# WORK REQUIRED:
For the material below, reproduce exactly each line from the one that has "Wheat grows at" through the one that has "Dr sebis method", and no others; pictures stay out.

# DATASET ENTRIES:
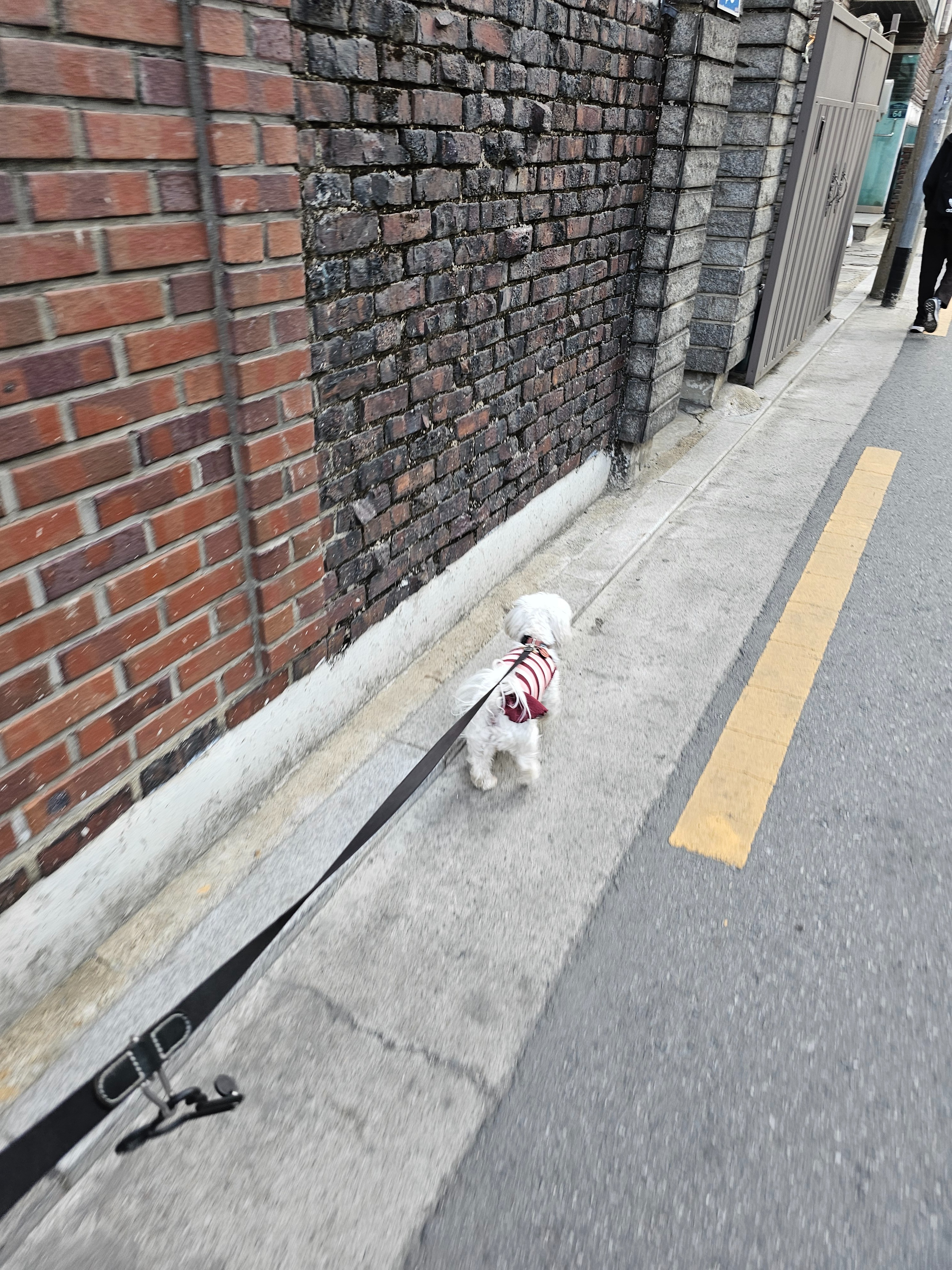 리뷰 사진 1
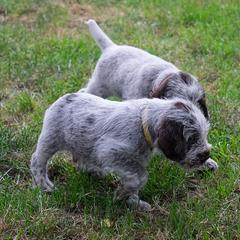 Spinoni Italiani from Quattro Zampe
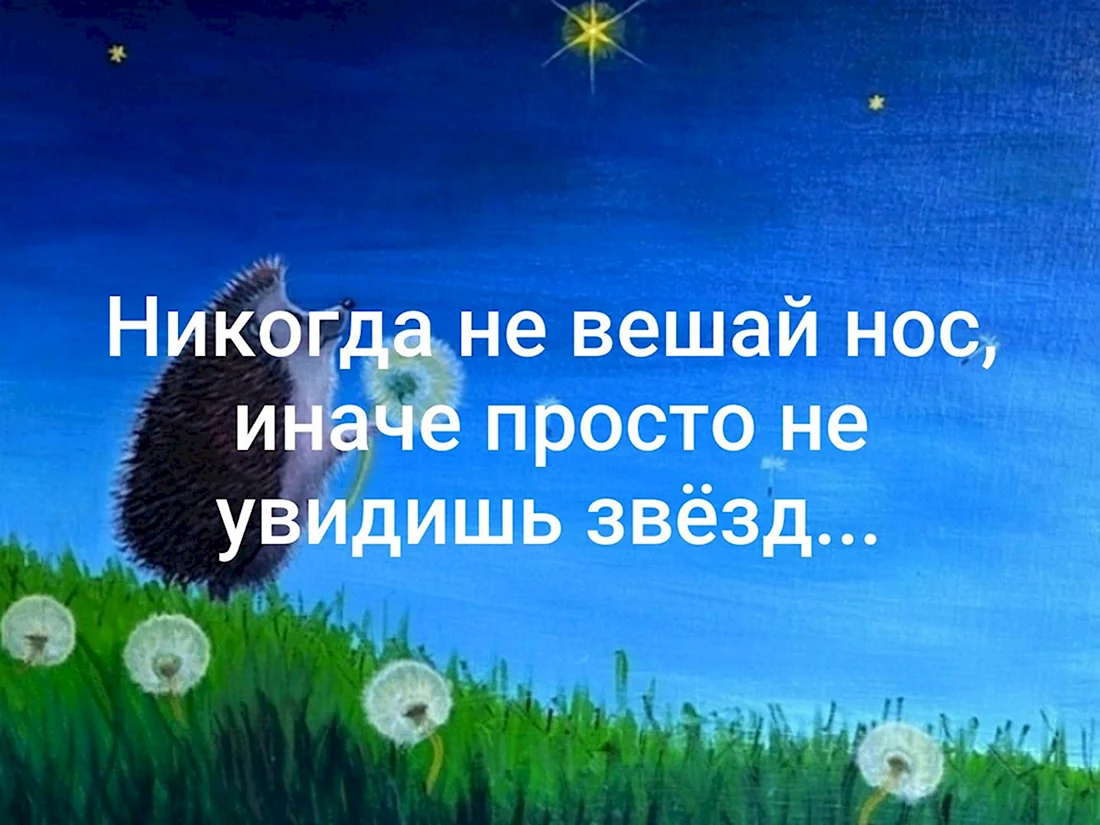 Улыбнулась и пошла дальше!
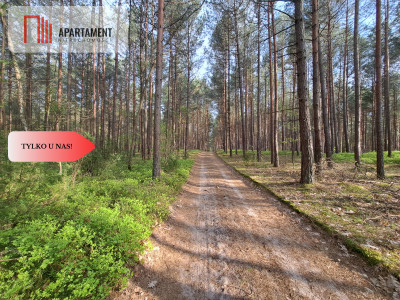 W pobliżu jeziora wśród drzew TYLKO U NAS - powiat starogardzki  -
Pomorskie Zdjęcie nr 4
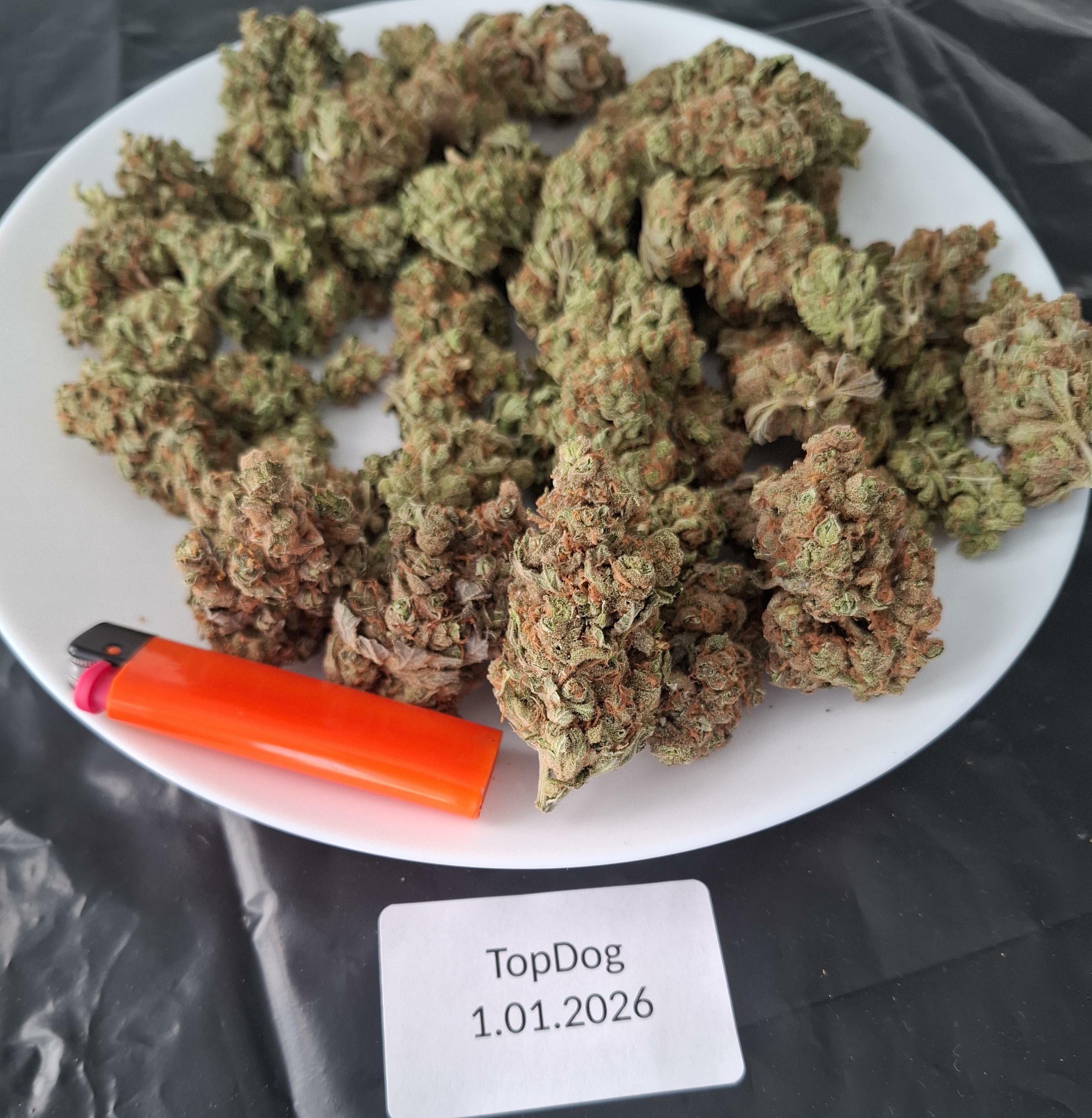 4g-56g SUPER Silver Haze [UK-UK]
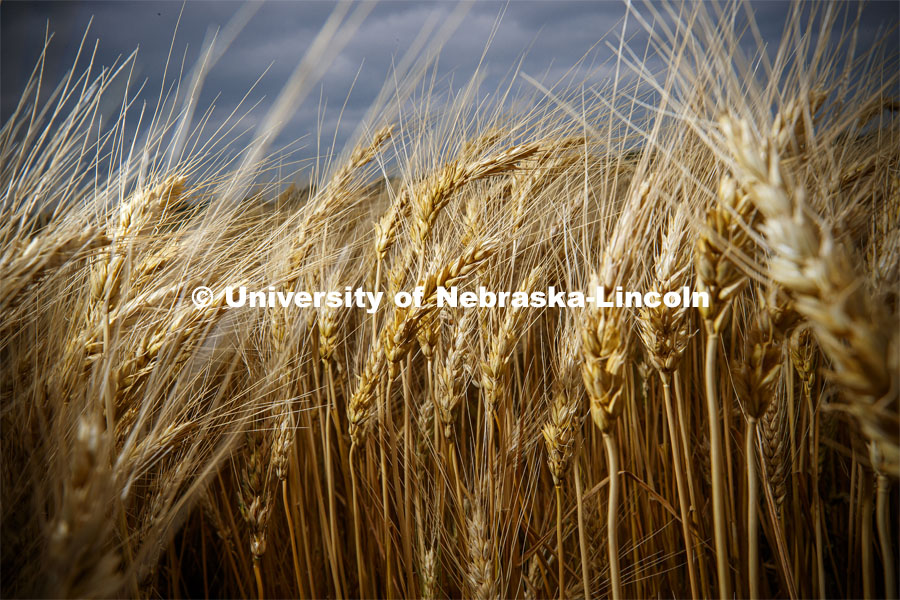 Wheat grows at the Agriculture fields at 84th and Havelock. June 30, 2020. Photo by Craig Chandler / University Communication.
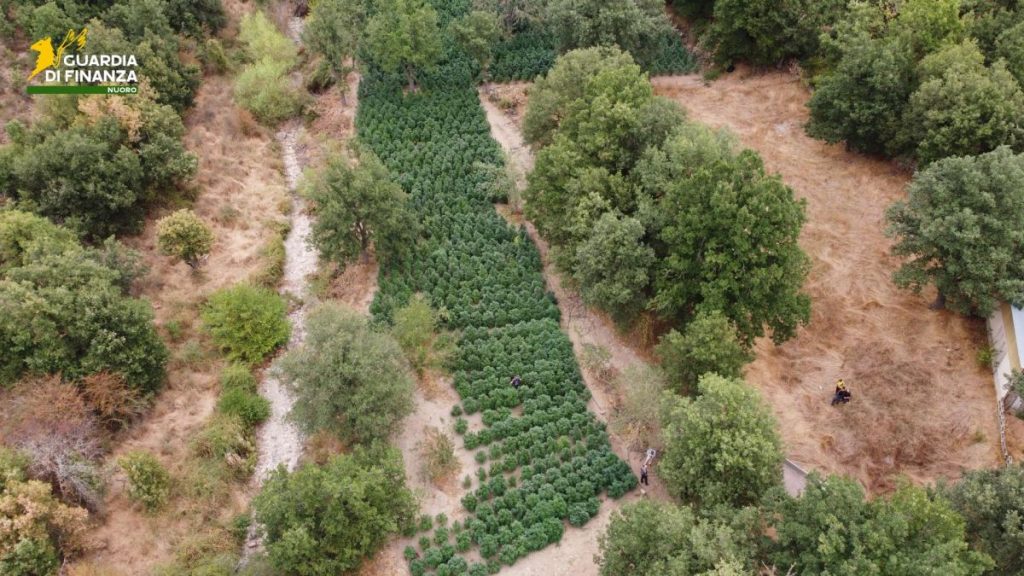 Scoperta e Distruzione di una Piantagione di Cannabis a Nuoro NUORO (ITALPRESS) – Nel corso di...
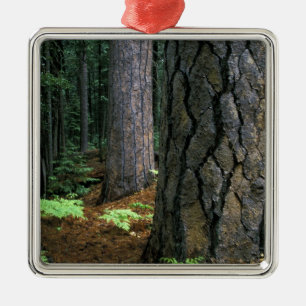 North America, USA, California, Yosemite Metal Tree Decoration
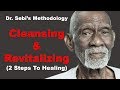 Dr sebis method for cleansing and revitalizing the body  2 steps to healing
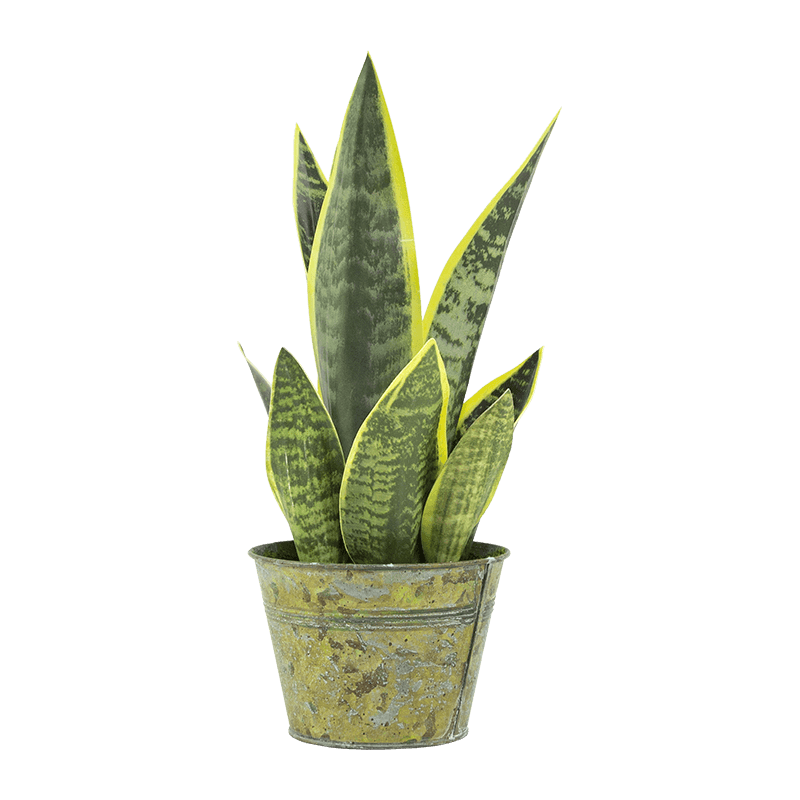 Artificial Snake Aloe in PP Pot 15.8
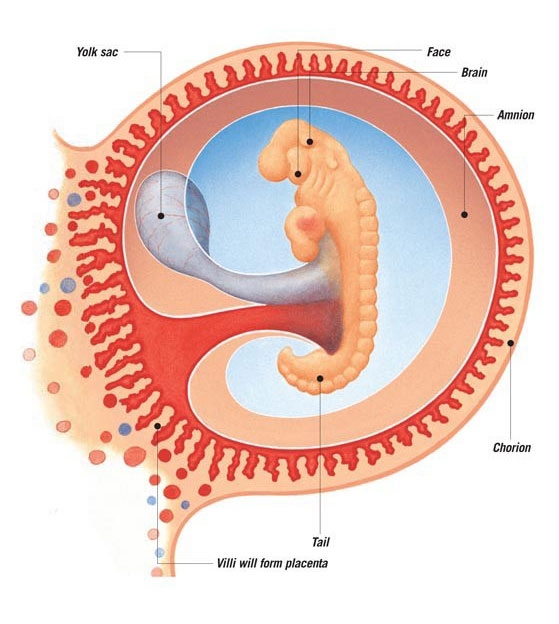An embryo at three weeks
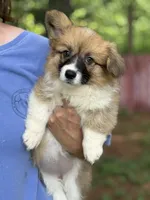 Fluff Full AKC, a female Pembroke Welsh Corgi for sale in Nashville, AR – 1 of 10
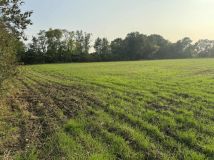 Działka rolno-budowlana Wojciechowo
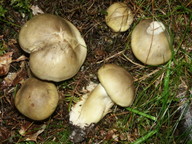 Tricholoma saponaceum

# REPLY TO THE TASK:
 Wheat grows at the Agriculture fields at 84th and Havelock. June 30, 2020. Photo by Craig Chandler / University Communication.
 Scoperta e Distruzione di una Piantagione di Cannabis a Nuoro NUORO (ITALPRESS) – Nel corso di...
 North America, USA, California, Yosemite Metal Tree Decoration
 Dr sebis method for cleansing and revitalizing the body  2 steps to healing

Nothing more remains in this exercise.